Let’s do each step in turn.

## Feature extraction using *tsfel*

We start by extracting a set of statistics to summarise each time series. The goal is to convert each series into a small set of features.

There are several tools for time series feature extraction. We’ll use *tsfel, *which provides a competitive performance relative to other approaches [3].

Here’s how you can use *tsfel*:

`import pandas as pd`

import tsfel# get configuration

cfg = tsfel.get_features_by_domain()

# extract features for each food subcategory

features = {col: tsfel.time_series_features_extractor(cfg, data[col])

for col in data}

features_df = pd.concat(features, axis=0)

This process results in a large number of features. Some of these may be redundant, so we carry a feature selection process.

Below, we apply three operations to the feature set:

- normalization: convert variables into a 0–1 value range;
- selection by variance: remove any variable with 0 variance;
- selection by correlation: remove any variable with a high correlation with another existing one.

`from sklearn.preprocessing import MinMaxScaler`

from sklearn.feature_selection import VarianceThreshold

from src.correlation_filter import correlation_filter# normalizing the features

features_norm_df = pd.DataFrame(MinMaxScaler().fit_transform(features_df),

columns=features_df.columns)

# removing features with 0 variance

min_var = VarianceThreshold(threshold=0)

min_var.fit(features_norm_df)

features_norm_df = pd.DataFrame(min_var.transform(features_norm_df),

columns=min_var.get_feature_names_out())

# removing correlated features

features_norm_df = correlation_filter(features_norm_df, 0.9)

features_norm_df.index = data.columns

## Clustering with K-Means

After preprocessing a data set, we’re ready to cluster time series.
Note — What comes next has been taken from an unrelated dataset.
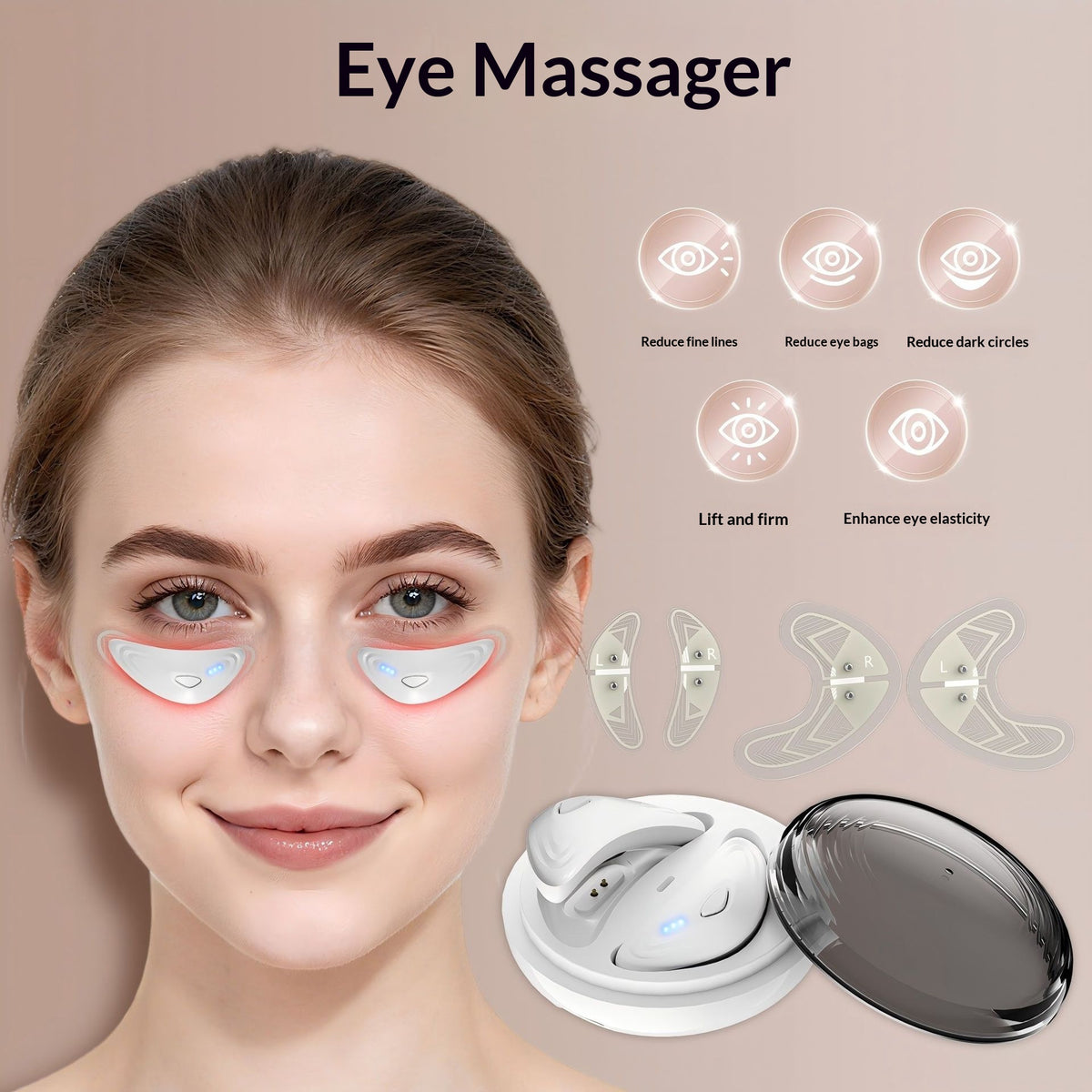 Red Light Eye Beauty Device For Reducing Dark Circles And Puffiness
We summarise each series into a small set of unordered features. So, we can use any conventional algorithm for clustering. A popular choice is K-means.
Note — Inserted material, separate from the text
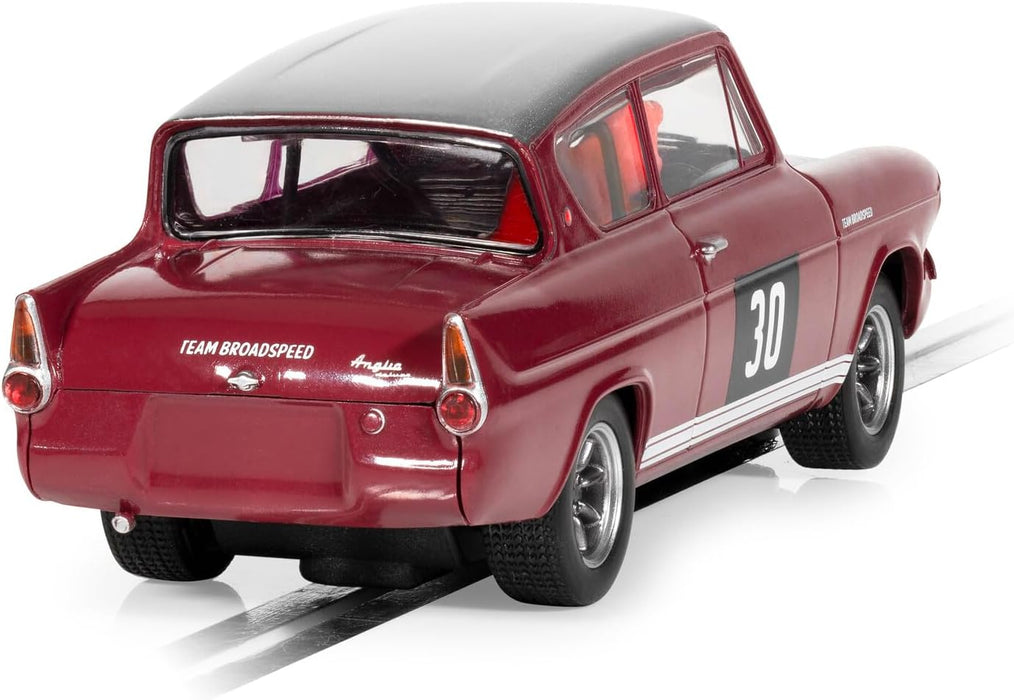 Scalextric C4546 Ford Anglia 105E-Broadspeed Slot-Cars, Maroon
With K-means, we need to pick the number of clusters we want. Unless we have some domain knowledge, there’s no obvious apriori value for this parameter. But, we can carry out a data-driven approach to select the number of clusters. We test different values and pick the best one.

Below, we test K-means with up to 24 clusters. Then, we pick the number of clusters that maximizes the silhouette score. This metric quantifies the cohesion of the clusters obtained.
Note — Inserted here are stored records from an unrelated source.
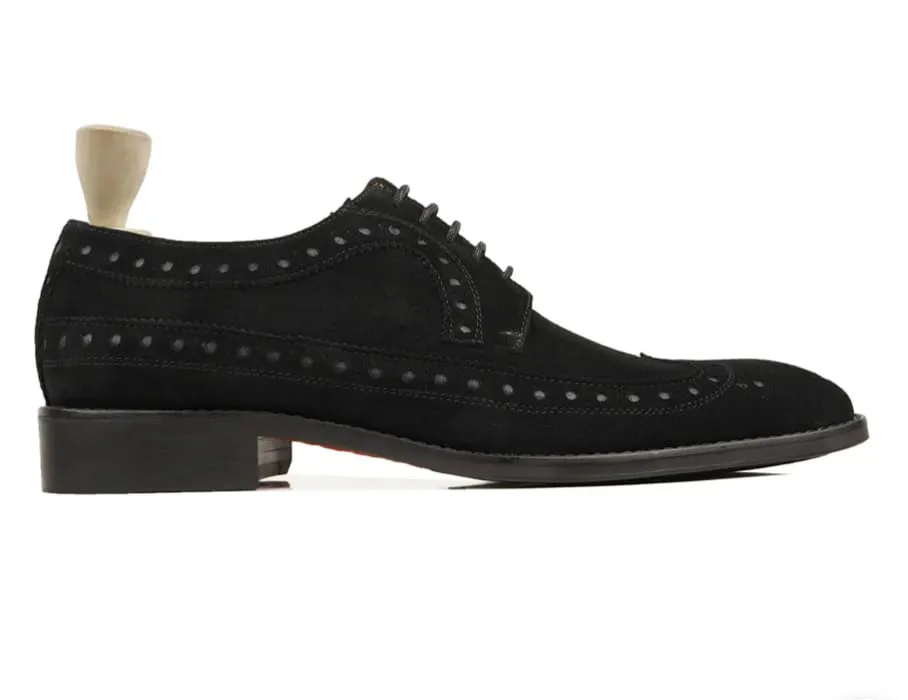 Handmade Black Suede Oxford Dress Shoes for Men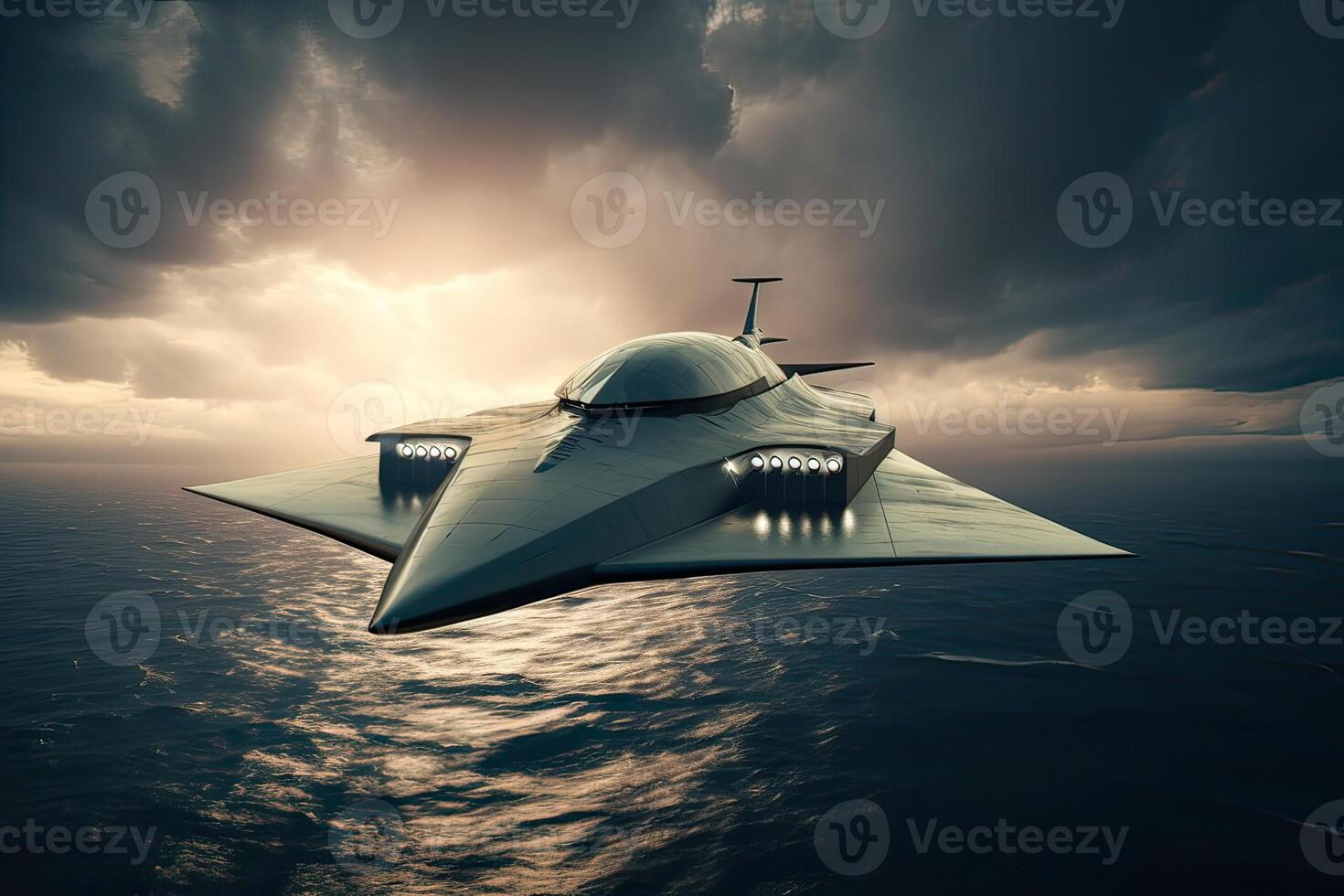 3D illustration futuristic of a Pirate ship sailing on the sky. . photo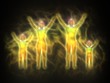 Family - woman, man and children - energy body, aura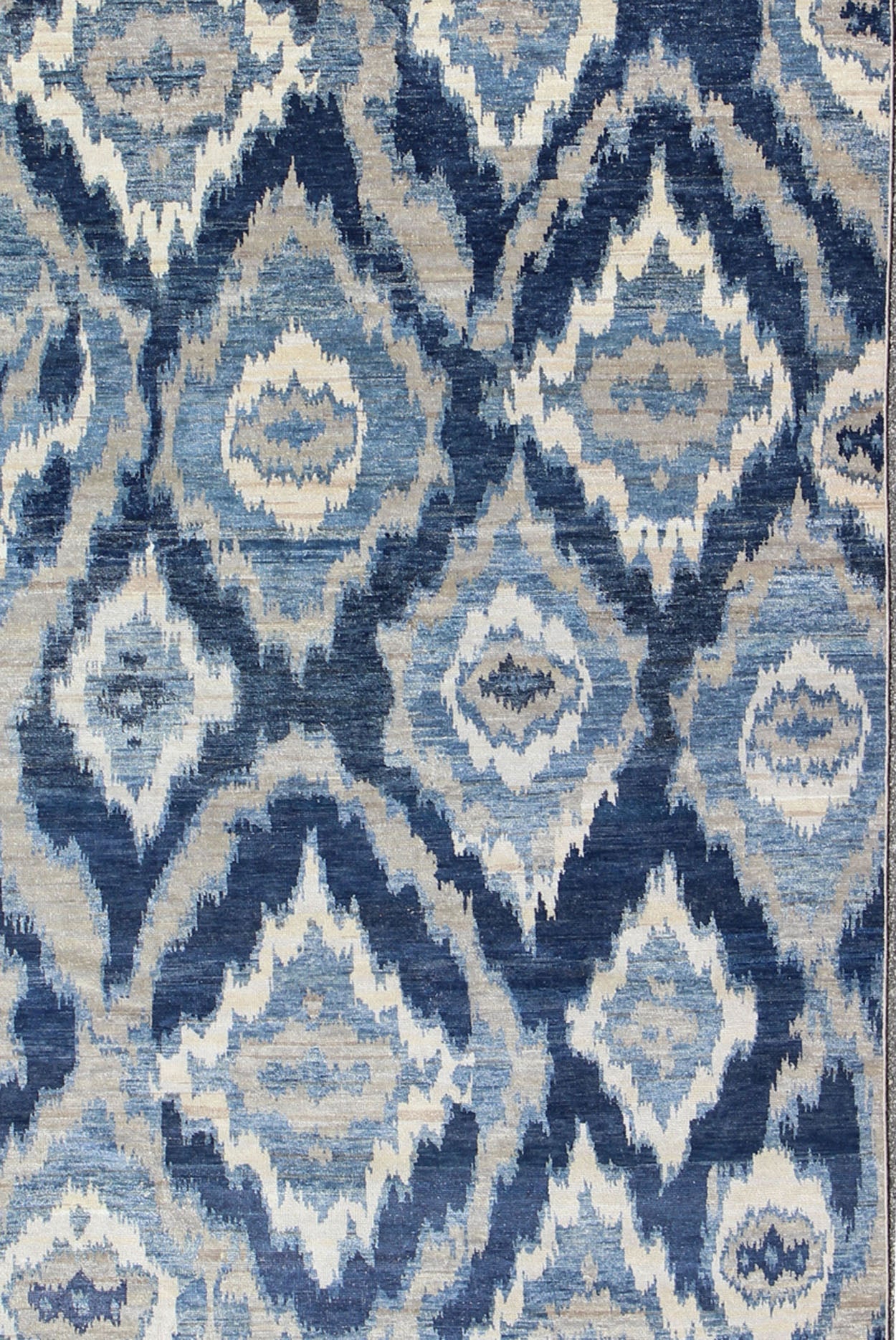 Large Modern Ikat Fine Rug With All - Over Geometrics in Blue, Taupe and Ivory This Modern Ikat Rug with beautiful design in navy, and taupe colors is well suited for contemporary setting as well as any transitional room. Measures: 10'0 x 14'0. ... - Keivan Woven ArtsOB - 10374092 - 5586069 - 8541Rug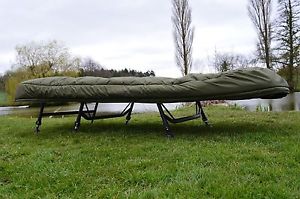 Cyprinus 6 leg Fishing Carp bed bedchair & 5 Season Sleeping bag sleep system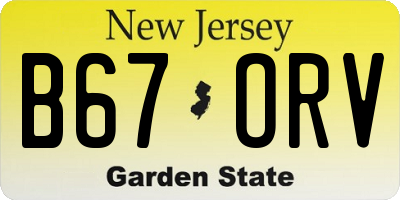 NJ license plate B67ORV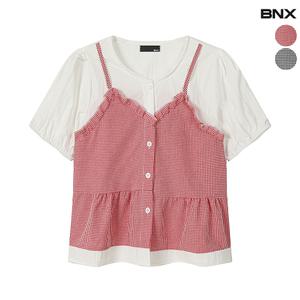 여성 체크 프릴 뷔스티에 반팔 블라우스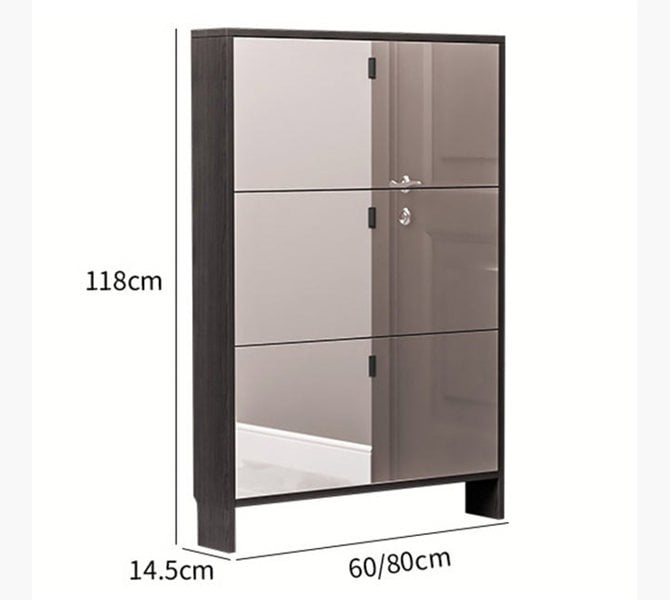 Knauss Mirrored Shoe Storage, Halllway-Weilai Concept-Black-60cm-Weilai Concept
`from sklearn.cluster import KMeans`

from sklearn.metrics import silhouette_scorekmeans_parameters = {

'init': 'k-means++',

'n_init': 100,

'max_iter': 50,

}

n_clusters = range(2, 25)

silhouette_coef = []

for k in n_clusters:

kmeans = KMeans(n_clusters=k, **kmeans_parameters)

kmeans.fit(features_norm_df)

score = silhouette_score(features_norm_df, kmeans.labels_)

silhouette_coef.append(score)

The silhouette score is maximized for 5 clusters as shown in the figure below.

We can draw a parallel coordinates plot to understand the profile of each cluster. Here’s an example with a sample of three features:

We can also use the information about clusters to improve demand forecasting models. For example, by building a model for each cluster. The paper in reference [5] is a good example of this approach.

## Hierarchical clustering

Hierarchical clustering is an alternative to K-means. It combines pairs of clusters iteratively, leading to a tree-like structure. The library *scipy* provides an implementation for this method.

`import scipy.cluster.hierarchy as shc`# hierarchical clustering using the ward method

clustering = shc.linkage(features_norm_df, method='ward')

# plotting the dendrogram

dend = shc.dendrogram(clustering,

labels=categories.values,

orientation='right',

leaf_font_size=7)

The results of a hierarchical clustering model are best visualized with a dendrogram plot:

We can use the dendrogram to understand the clusters’ profiles. For example, we can see that most canned items are grouped (orange color). Oranges also cluster with pancake/cake mixes. These two often go together in people’s breakfast.